■ **Assignment**: Given the entries below, would you transcribe exactly the lines starting at the one with "drone / aerial" and ending at the one with "Bright white kitchen", both kept, pictures omitted, nothing extra?

■ **Information given**:
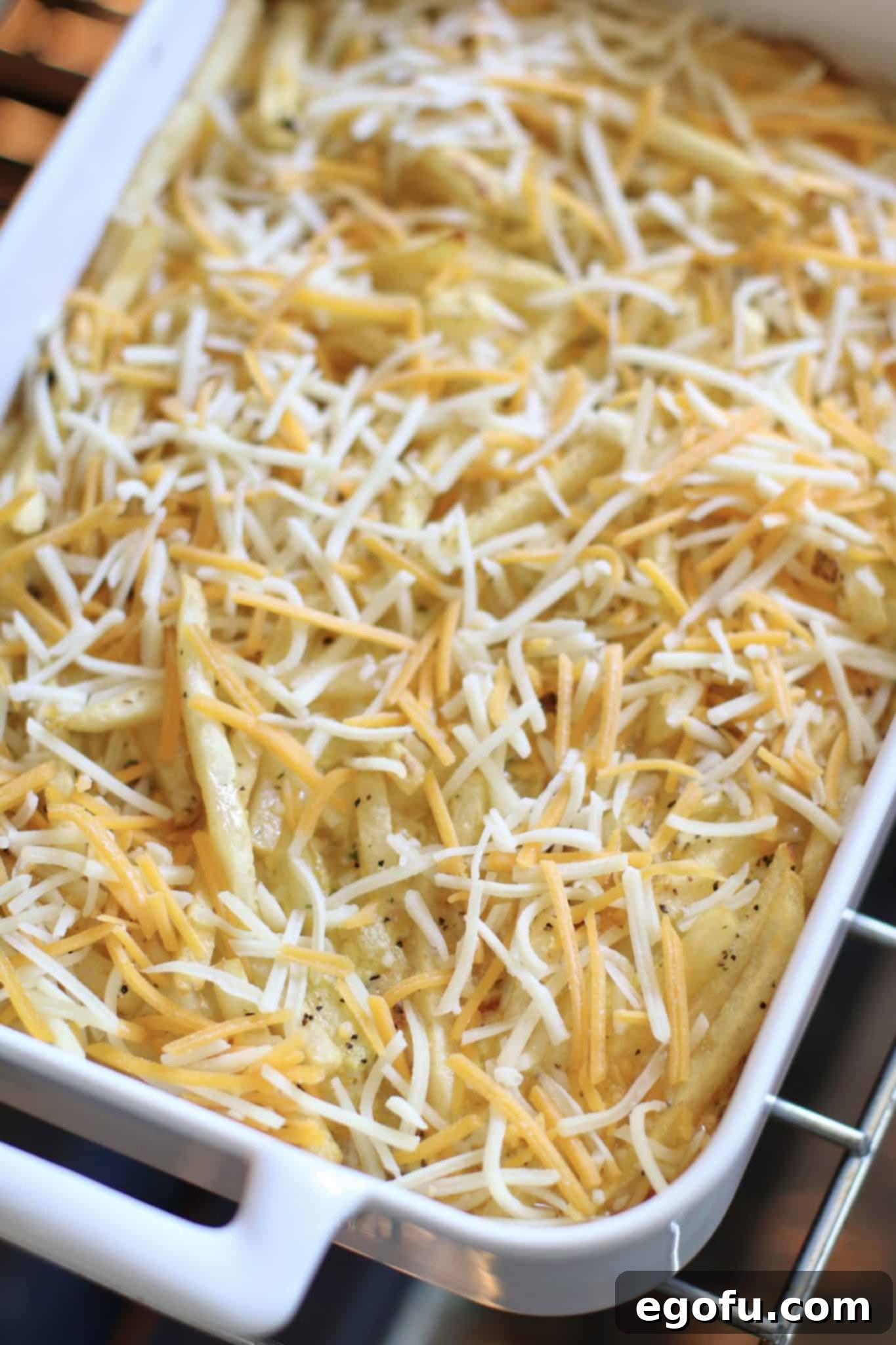 shredded cheese sprinkled onto cooked cheeseburger casserole.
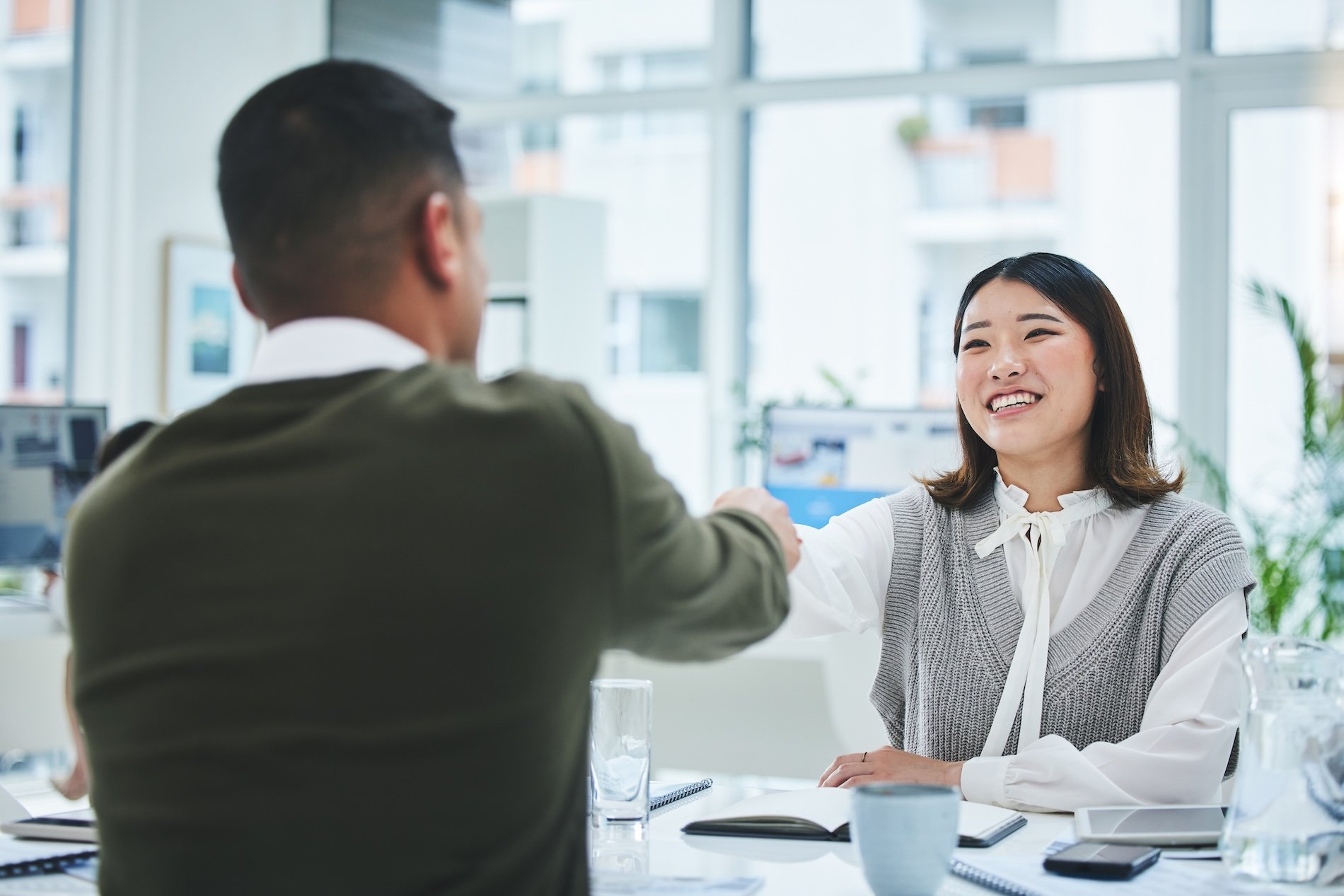 Interviewer shaking hands with the new employee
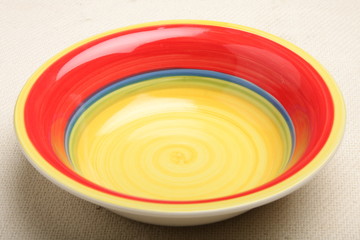 Empty red and yellow plate.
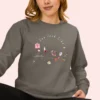 Sweatshirt with “You Look Like Poetry Today” quote and soft illustrated aesthetic elements like perfume, lipstick, ribbons, and hearts - Pepper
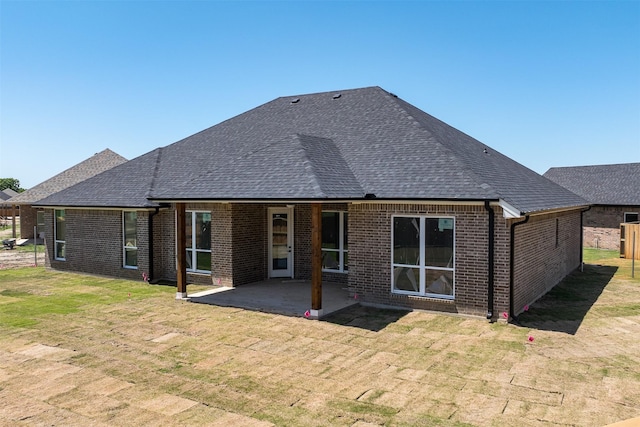 719 Cobblestone Cir, Mabank, TX 75147 - rear view of property with a shingled roof, brick siding, a patio area, and a yard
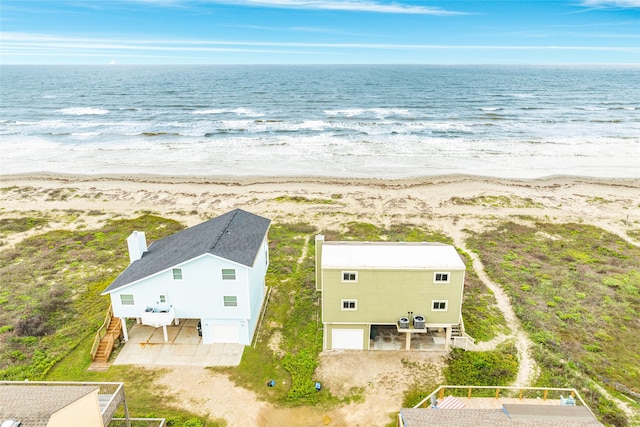 drone / aerial view with a water view and a beach view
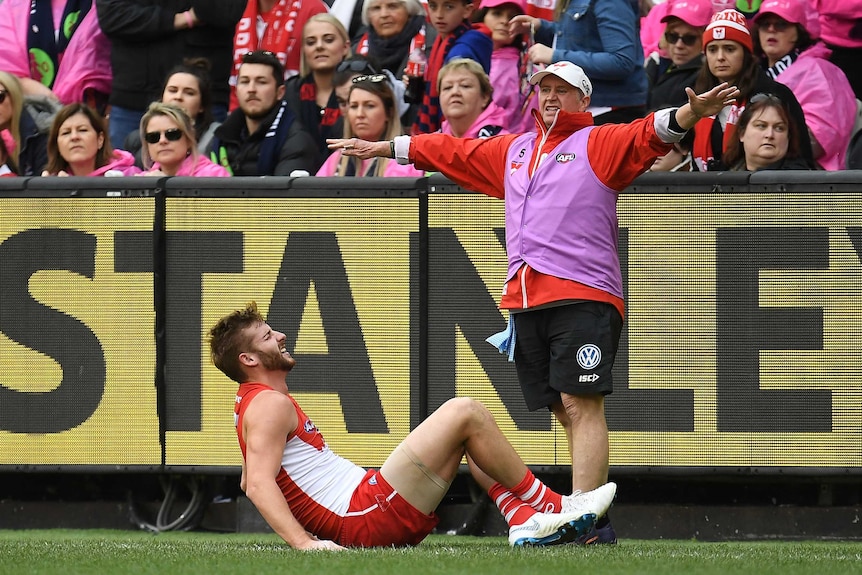 Alex Johnson lies injured on the sideline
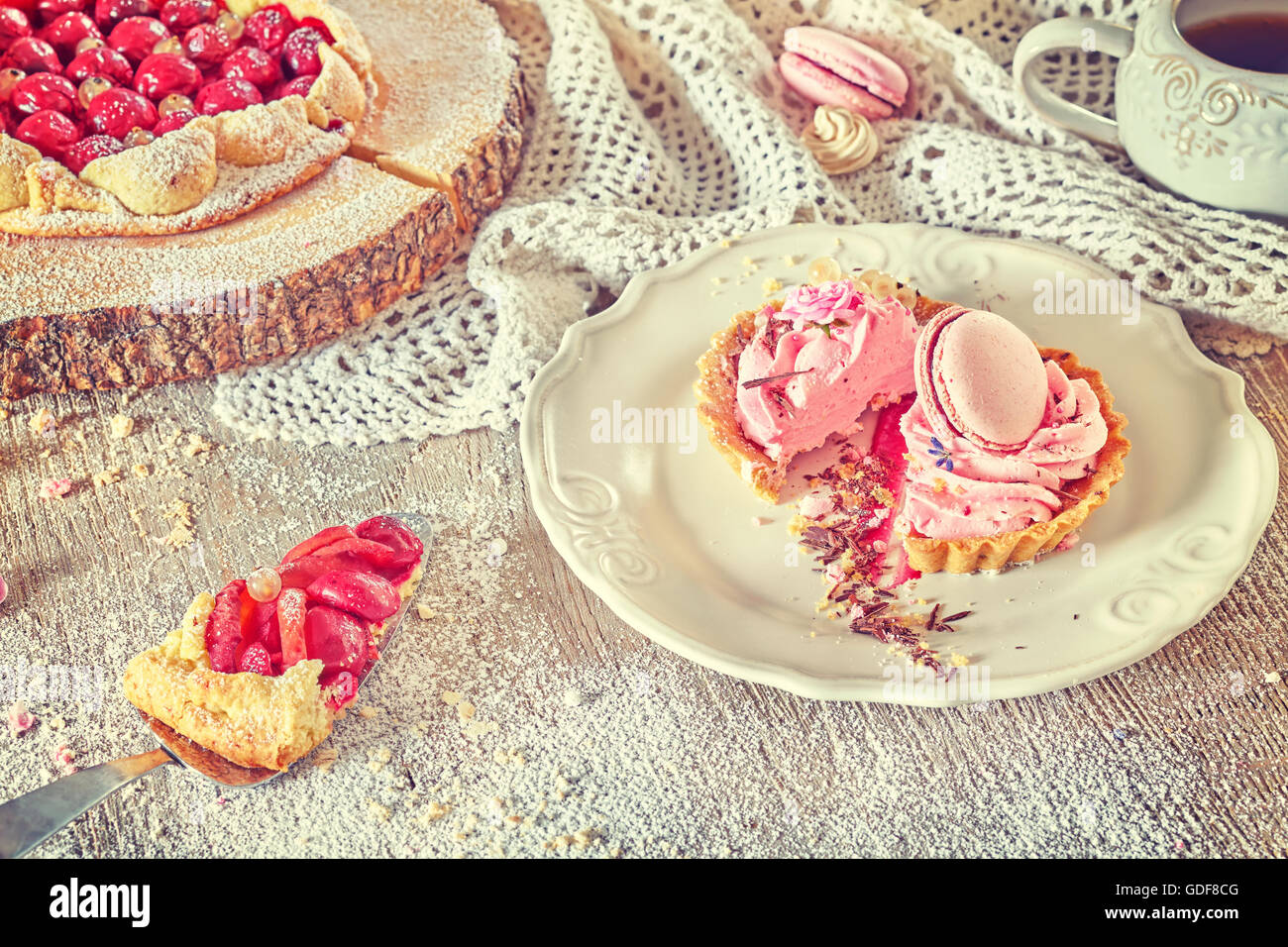 Retro toned rustic set of fruit tarts and meringues, homemade pastry, pastel colors. Stock Photo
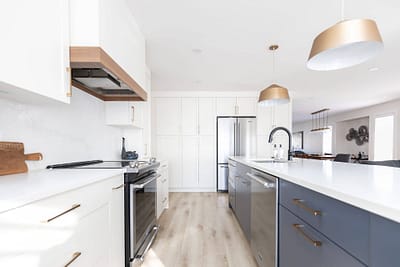 Bright white kitchen with shaker cabinets, gold hardware, and stainless steel appliances installed by Bowline Construction kitchen renovation contractor in Langley, BC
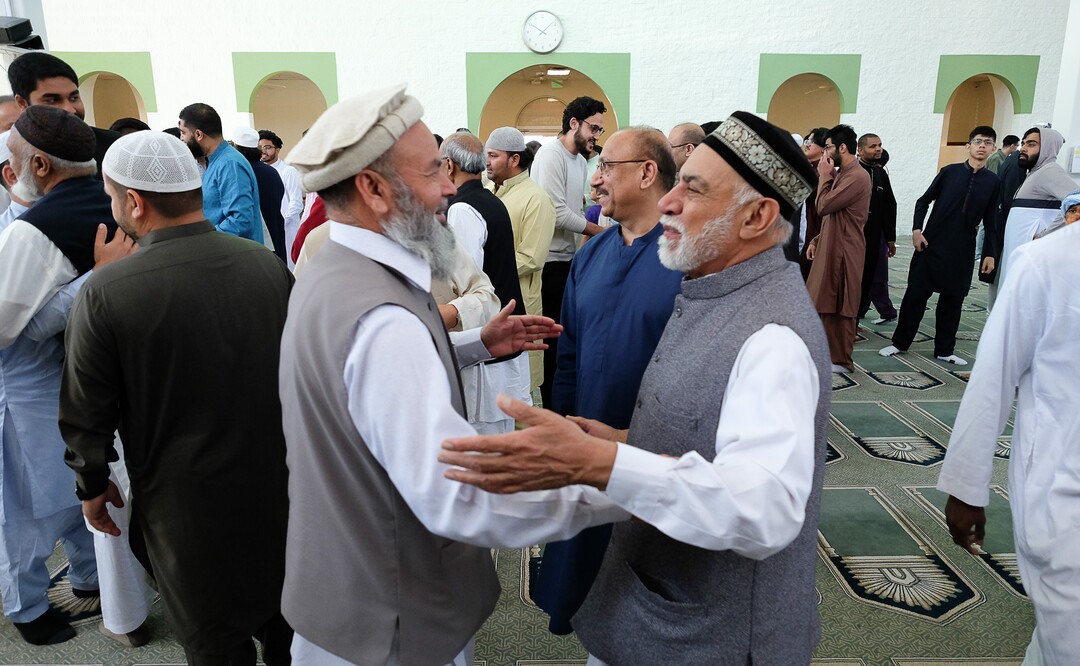 (Francisco Kjolseth  |  The Salt Lake Tribune)  Men of the Khadeeja Islamic Center in West Valley City exchange warm embraces with one another as they mark the end of Ramadan, a 30 day period of fasting and spiritual growth. It's the biggest religious holiday of the year for Muslims as hundreds from the Wasatch Front gather for the Eid the Òfestival of the breaking of the fast,Ó Wed. June 5, 2019.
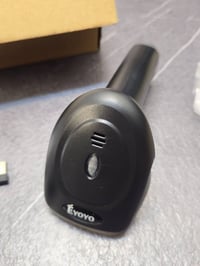 ماسح باركود محمول ماركة Eyoyo (Eyoyo Barcode Scanner)، وهو جهاز يُستخد...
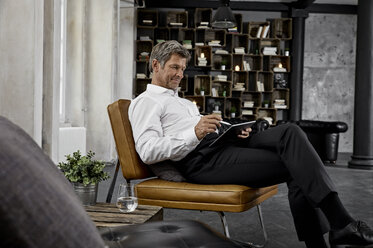 Mature man using digital tablet with digital pen in loft - PDF01626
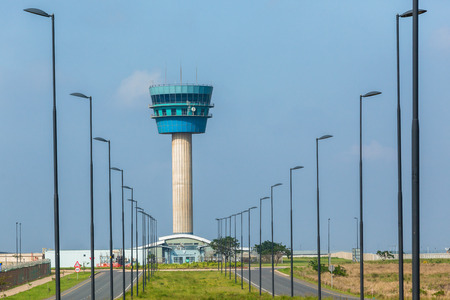 Airport Air traffic control tower for planes in countryside landscape.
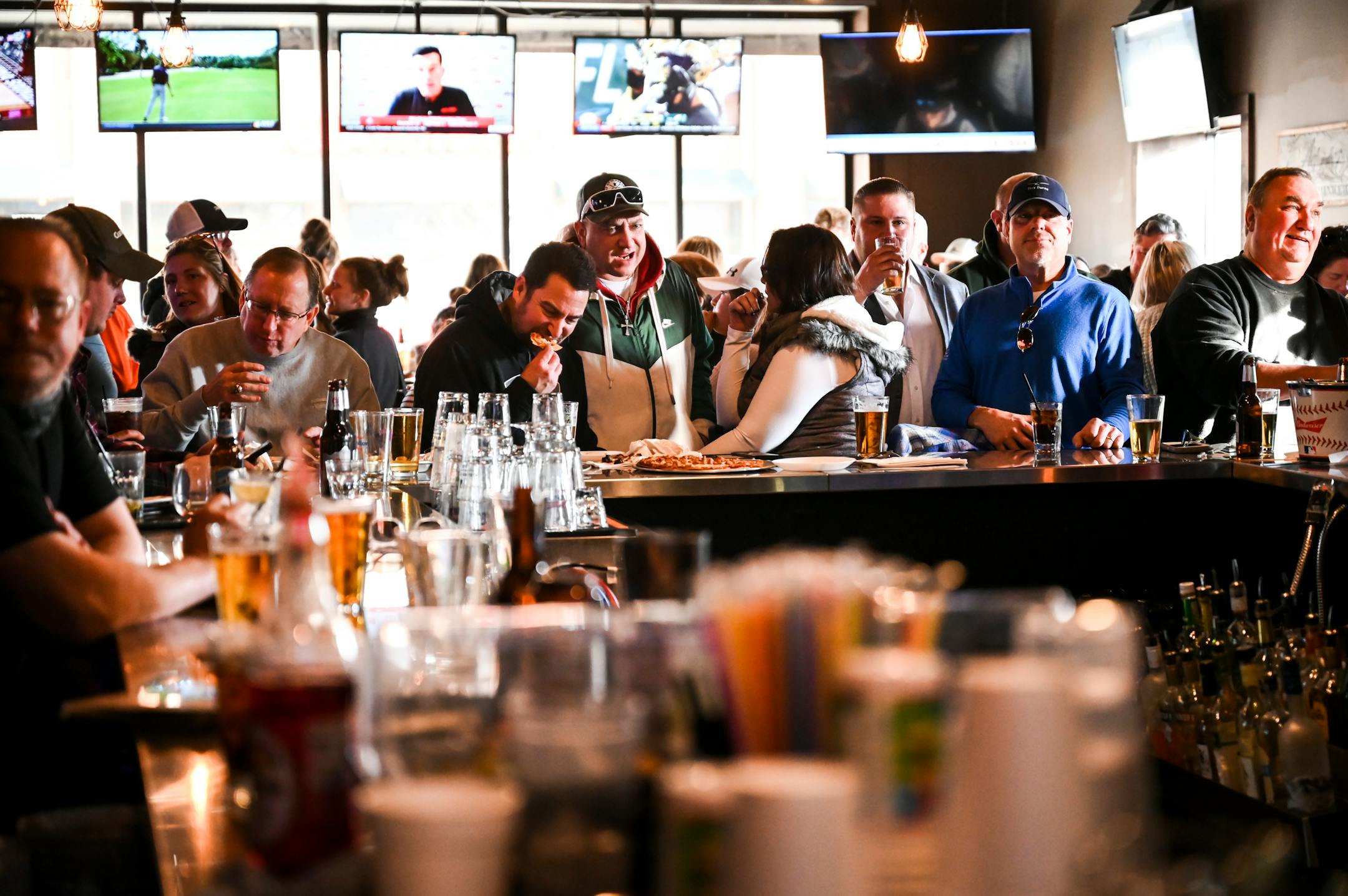 Standing-room only at the bar at Alibi Drinkery in Lakeville, which reopened Wednesday morning in defiance of Gov. Walz's order.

■ **Result**:
 drone / aerial view with a water view and a beach view
 Alex Johnson lies injured on the sideline
 Retro toned rustic set of fruit tarts and meringues, homemade pastry, pastel colors. Stock Photo
 Bright white kitchen with shaker cabinets, gold hardware, and stainless steel appliances installed by Bowline Construction kitchen renovation contractor in Langley, BC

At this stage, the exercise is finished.